I have been thinking a lot about memory lately. Considering why some moments remain vivid, while others fade slowly away. There are whole years of my life from which I do not retain a single memory. And this bothers me.
My mother’s memory dissipated in chunks. The first thing that went was short term memory, which sometimes led to hilarious and frustrating encounters. For example, she would ask the same question, “Do you want onions on your salad?” five times and not remember that she’d asked it. But then she could remember things from forty or fifty years prior perfectly clearly.

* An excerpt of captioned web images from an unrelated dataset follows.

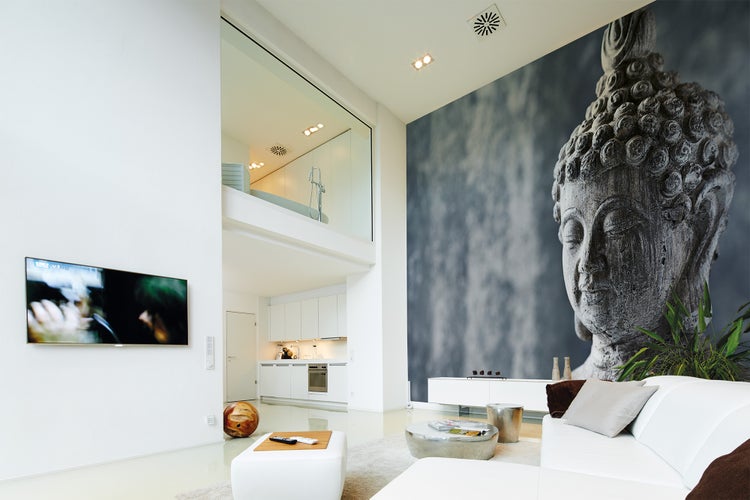 Modernes, helles Wohnzimmer mit einer großflächigen Fototapete eines Buddha-Kopfes, weißem Sofa und offener Küche im Hintergrund.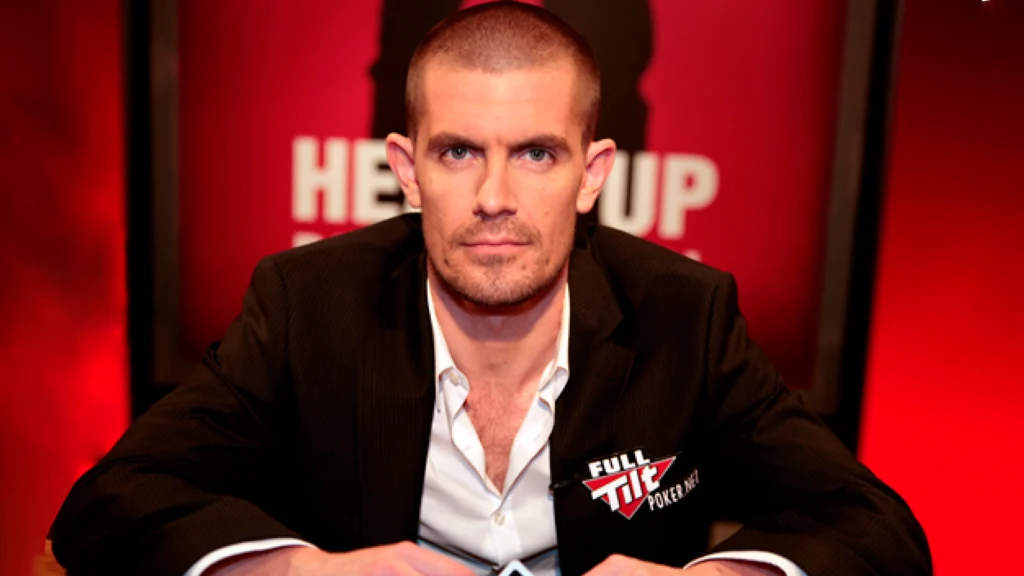 Gus Hansen sidder ved et pokerbord i jakkesæt under en pokersending og kigger direkte mod kameraet.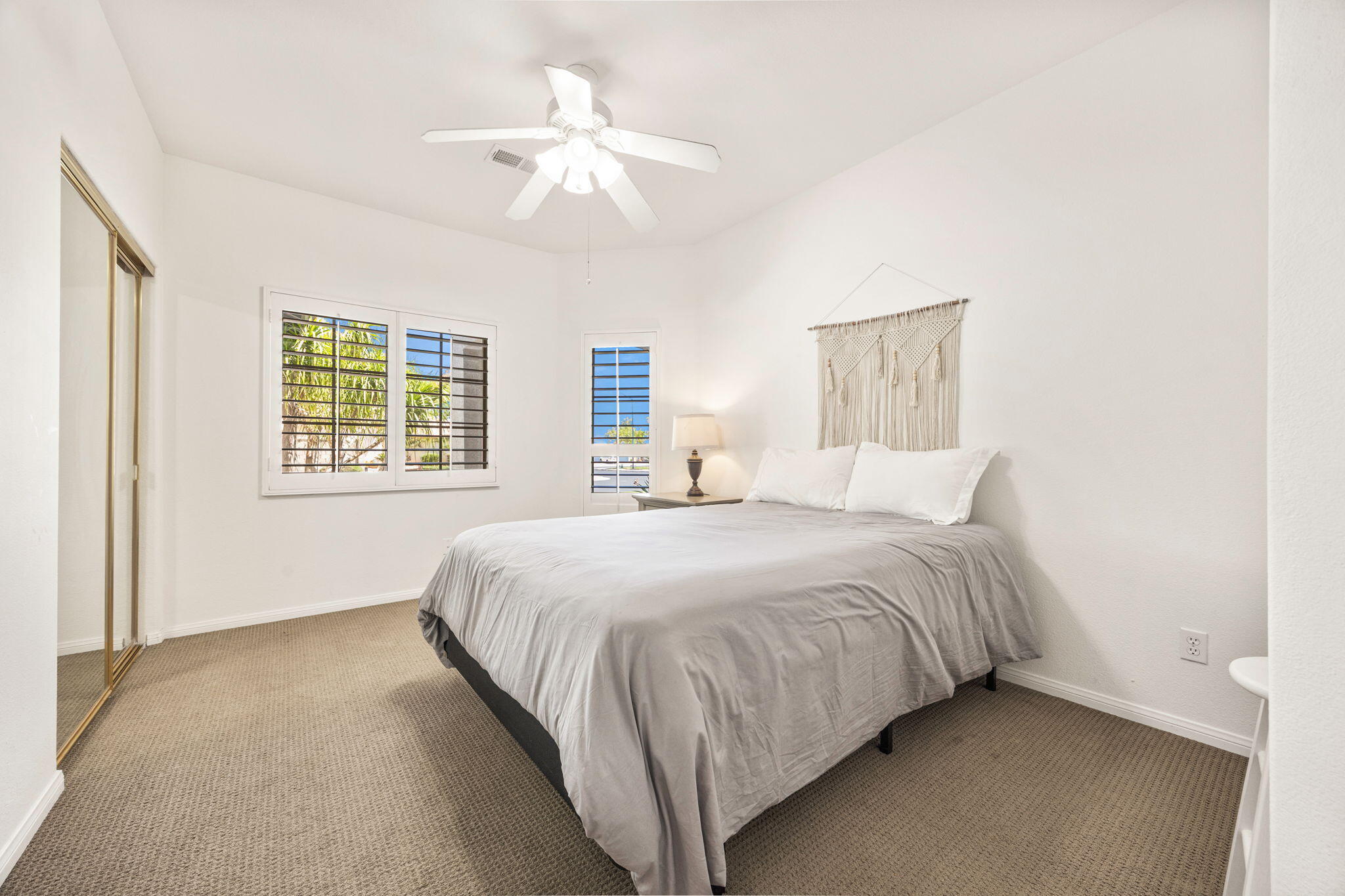 48701 Gibraltar Street Indio, CA 92201 - Photo 31 of 52 a bedroom with a bed and a chandelier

Toward the end, my mother didn’t seem to recognize any of us on a consistent basis. During my last visit, she would ask me, “When is Erin coming to see me?” I began to feel like a ghost, but I wonder if my current physicality just didn’t match the daughter she remembered, the blond-haired colt of a girl whose pants were always too short.
Why do some things hold in our memories when others go? Was it less painful for my mother to think of me as the young girl she could dress in nice clothes and whose hair was consistently combed? Was her memory loss entirely organic or was there something else involved? And why, oh why, can I remember so little from certain periods of my life? What have I put into storage and then thrown away the key?
The first poem of Every Atom includes the lines: “The world we are born into / is not the one that clings to us as we leave.” We change the world by moving through it, by the stories we choose to tell, by the ever-widening ripples of our actions. Sometimes, I go back through old notebooks to remind myself of what my world contained during different times. Sometimes, I go back through old notebooks to remind myself who I was in those worlds.
Sometimes I don’t recognize any of it. But there it is, in my own handwriting, like a river ebbing and pulsing, continual and irreversible.